O Estado é velho amigo da mamona. Nas décadas de 60 e 70, plantou mais de 40 mil hectares e a produção foi destinada ao mercado internacional de ricinoquímica.
Hoje, o Piauí é o estado que mais produz mamona no Brasil; conta com 3 milhões de hectares que podem ser cultivados com mamona e, desta forma, produzir um bilhão de litros de óleo e gerar 300 mil empregos, com mercado garantido para a produção do biodiesel.
O governo estadual, através do Programa de Desenvolvimento Sustentável da Cadeia Produtiva da Mamona, está atraindo investimentos que geram emprego e renda e ajudam na reforma agrária.
O município de Anísio de Abreu, situado a 650 km de Teresina, é a capital da mamona. Lá, o Governo Estadual incentivou a população local a se dedicar ao cultivo desta oleoginosa.

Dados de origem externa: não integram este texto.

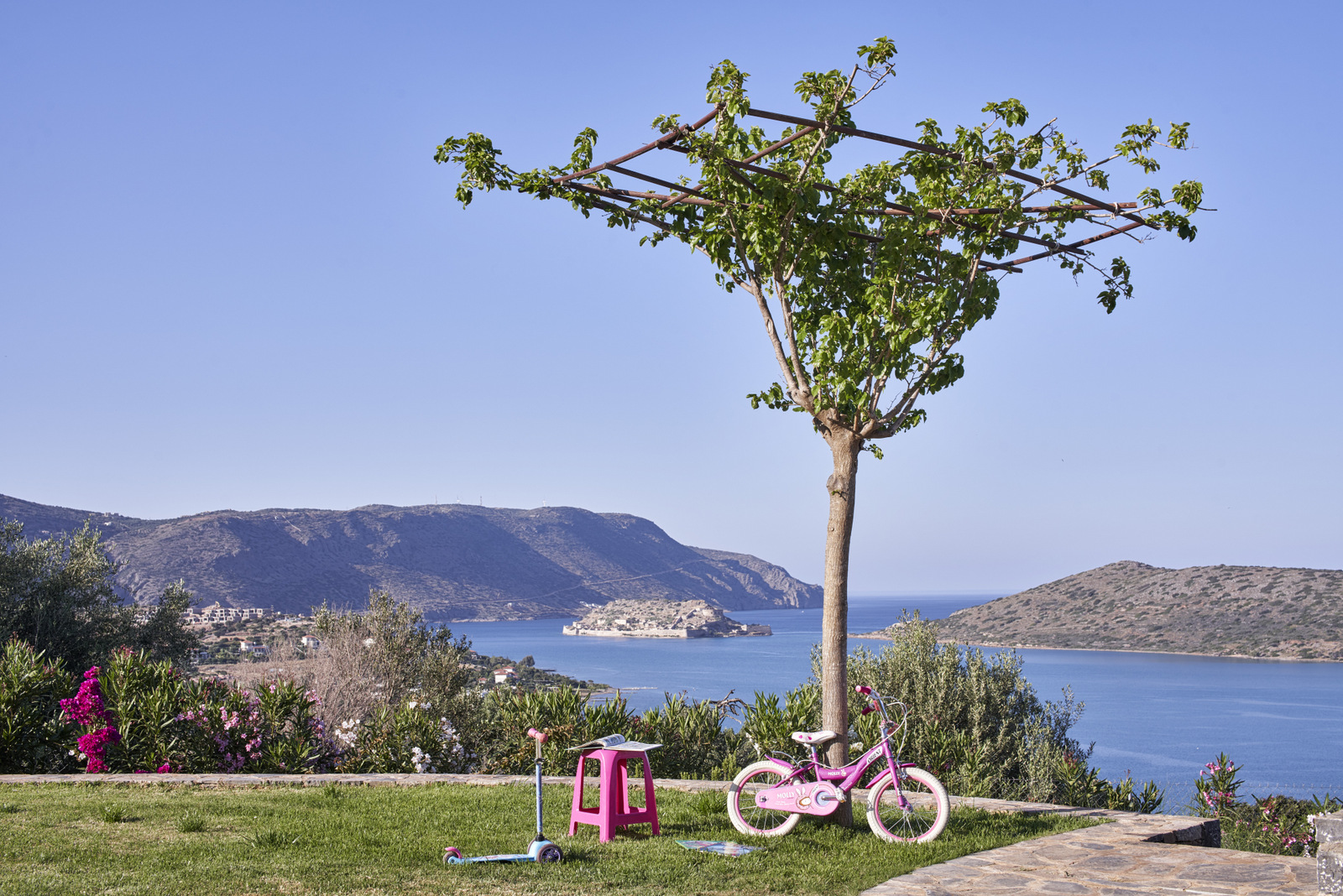 Villa Ozias image 29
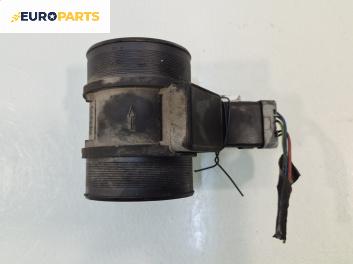 Дебитомер за Citroen Xsara Picasso (09.1999 - 06.2012) 2.0 HDi, 90 к.с., № 9628336380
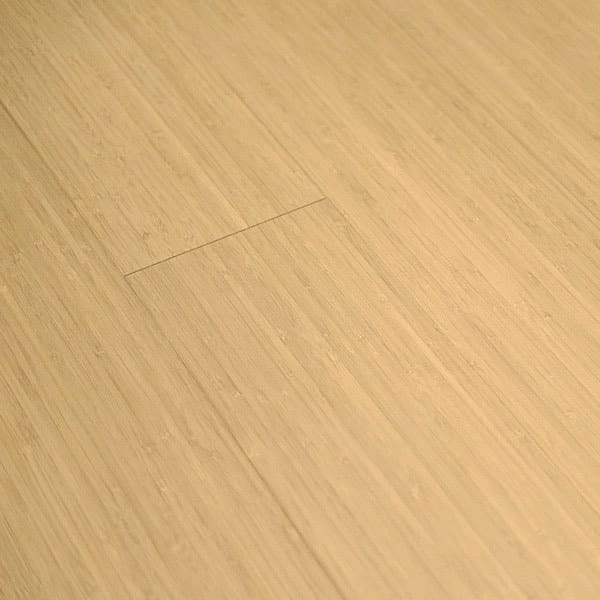 MOSO Bamboo Elite Premium Verticaal Naturel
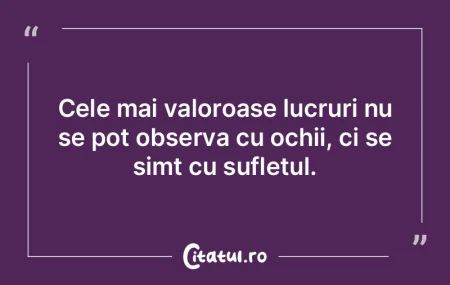 Fără o schimbare în viaÈ›a ta, vei rÄ... Fără o schimbare în viaÈ›a ta, vei rÄ...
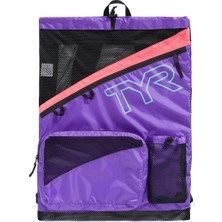 Tyr Elite 40 Litre Takım File Çantası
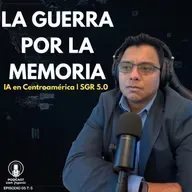 IA y Memoria Institucional: El Fin de WhatsApp en tu Empresa [SGR 5.0]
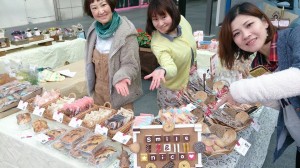 1625726_607615772649826_7667225369750694894_n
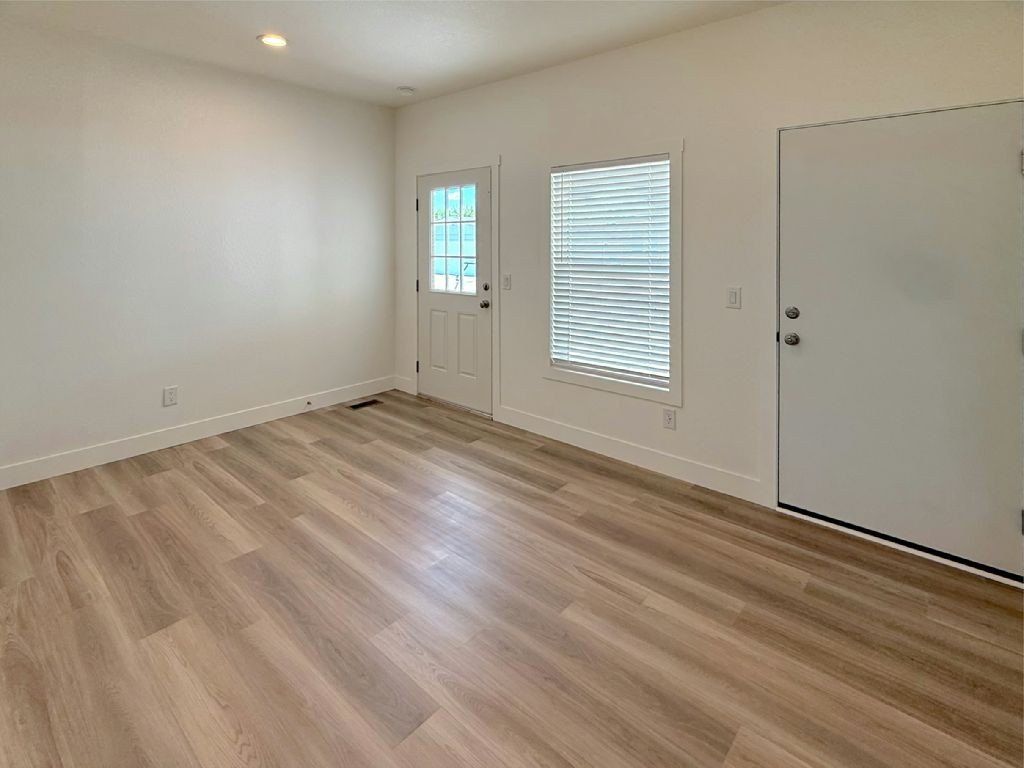 1055 Watson Dr. Cottonwood, AZ 86326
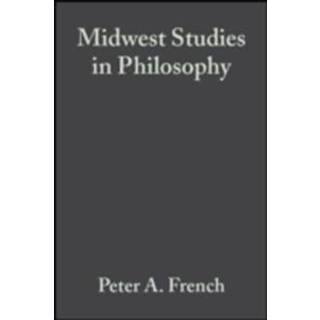 Truth and its Deformities, Volume XXXII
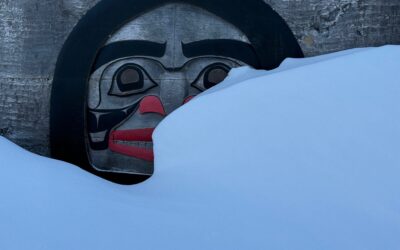 Keep an Eye out for Epiphanies.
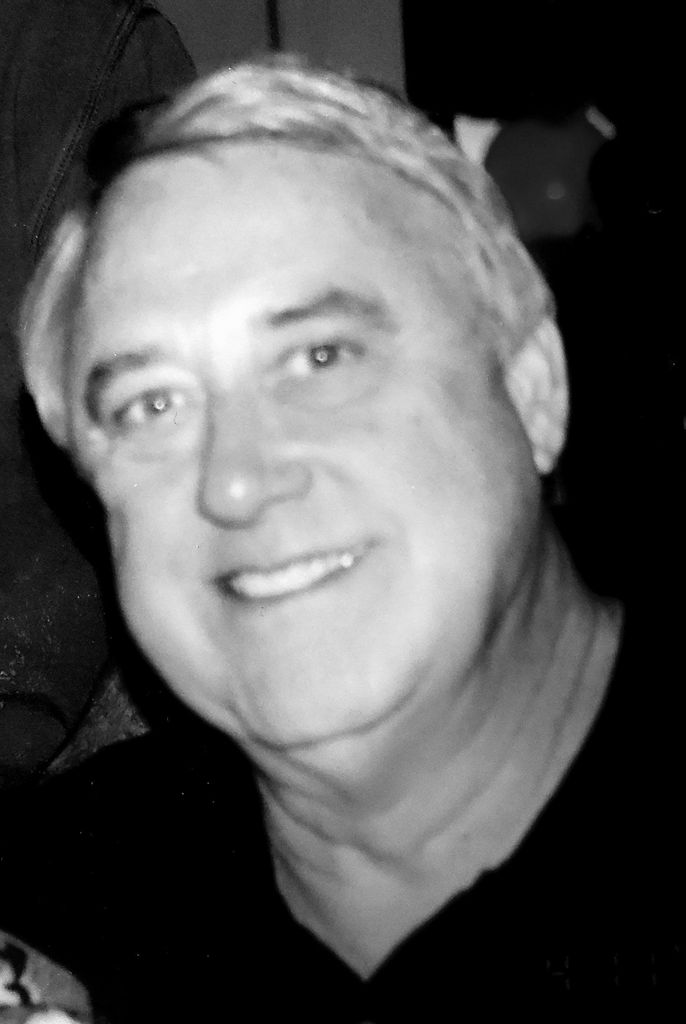 Robert R. Turley Profile Photo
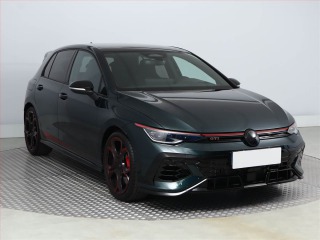 Volkswagen Golf 2.0 GTI Edition 50
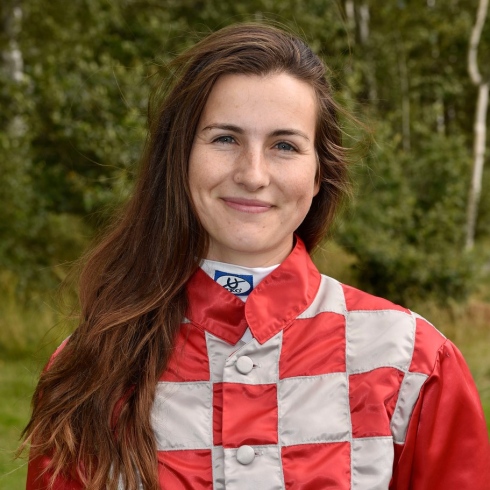 vanessa ryall square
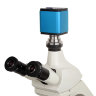 Камера для микроскопа ToupCam XFCAM1080PHD HDMI - фото 5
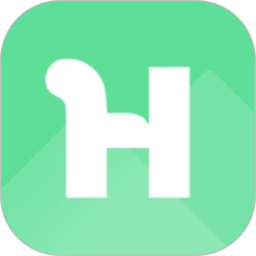 HOTDOG潮玩宇宙手机软件app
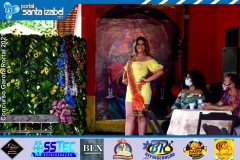 0927a661-255d-4d1c-b121-23084b6a5a66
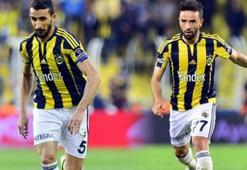 "Fenerbahçe'yi üzmek için..."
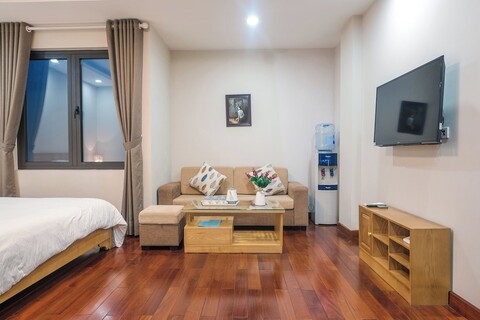 나인 하우징 A10 김 마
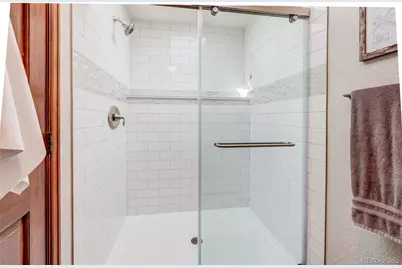 8256 W Clifton Avenue, Littleton, CO 80128 - Photo 25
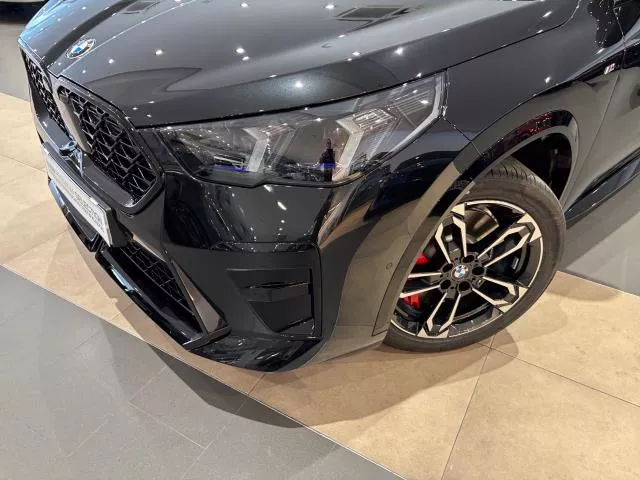 BMW X2 sDrive20i 125 kW (170 CV) de segunda mano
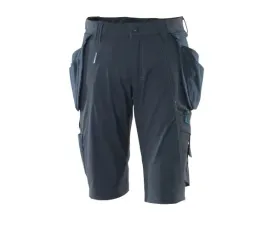 spodenki-mascot-advanced-cordura-stretch-granatowe-rozmiar-60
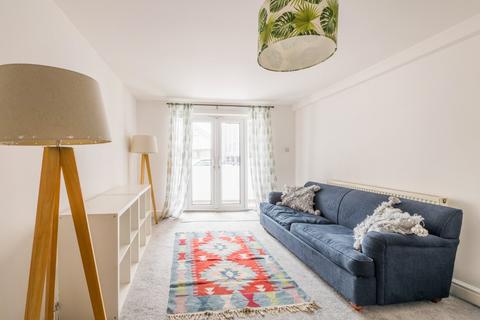 undefined, Frederick Place, Brighton, East Sussex, BN1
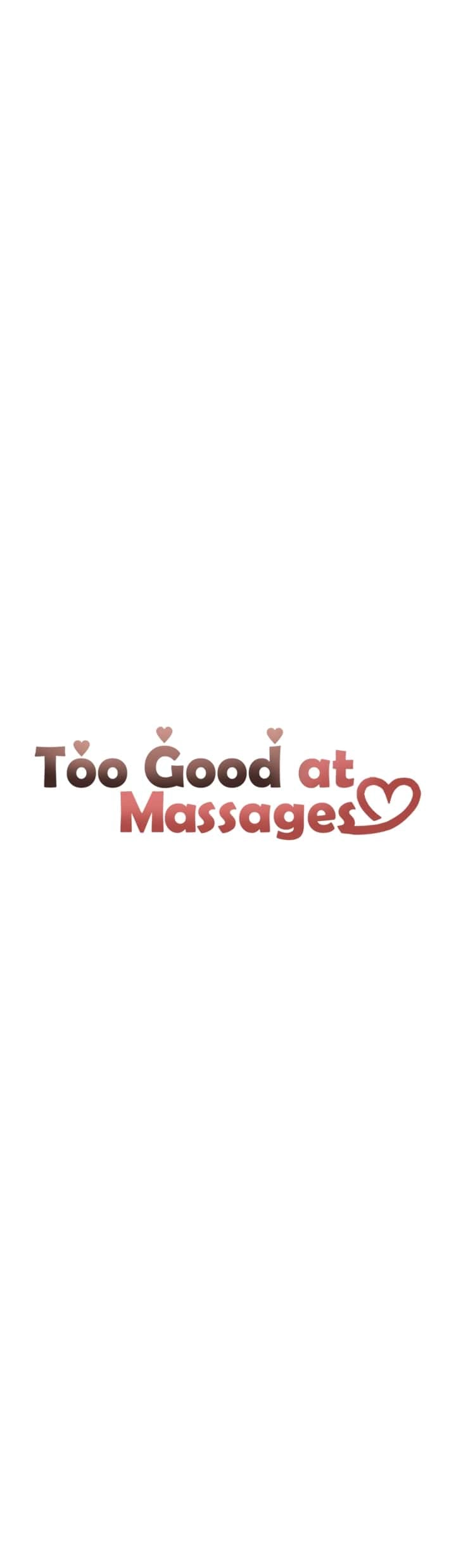 Too Good At Massages - 16 - 6588f02a29778.webp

Em meados de 2005, o Presidente Lula inaugurou, na cidade de Floriano, a terceira maior usina de biodiesel do país. O projeto prevê a produção de 90 mil litros de biodiesel/dia à base do óleo de mamona, geração de 100 novos empregos diretos e mão-de-obra para mais de 5 mil pessoas no processo de colheita de mamona.
Na safra 2005/2006 foram comercializadas mais de 100 toneladas de mamona, produzidas por 14 associações de produtores da microrregião de São Raimundo Nonato. O óleo foi vendido à empresa Brasil Ecodiesel.
Projeto do Agronegócio da Mamona consorciado com o feijão-caupi
Este projeto – que tem o apoio do SEBRAE – gerou emprego e renda para mais de 2.500 agricultores familiares da microrregião de São Raimundo Nonato, situada a 517 km de Teresina. Cada hectare plantado produz 1.500 kg de mamona e 1.200 kg de feijão; cada agricultor ganha em torno de R$ 400,00/mês.
O projeto começou em dezembro de 2004; está implantado em 23 municípios do sul do Estado (a proposta é atingir 42 municípios piauienses); abrange quase 11 mil hectares plantados; e fez do Piauí um forte banco de sementes de mamona e um dos principais produtores de biodiesel do país.
É preciso deixar bem claro:
Embora a mamona seja ótima para a inclusão social no Nordeste, os produtores precisam de suporte tecnológico e financeiro do Governo.
Precisam de orientações técnicas e práticas sobre plantio e comercialização do produto para que se enquadrem nas regras do desenvolvimento sustentável.
Todos os envolvidos devem estar preparados para enfrentar as dificuldades relacionadas à venda do biodiesel. A Agência Nacional do Petróleo está fechando usinas que ela considera clandestinas (no final de 2006, lacrou 09 usinas no Mato Grosso) ou porque elas vendem biodiesel direto ao consumidor final, proibido no Brasil. As usinas só podem vender diretamente ao consumidor final se autorizada pela ANP para testar o produto.
E, acima de tudo, são necessárias políticas públicas voltadas ao setor; que tragam benefícios fiscais; linhas de crédito acessíveis à agricultura familiar e incentivem o uso da bioenergia produzida na frota e no maquinário do produtor.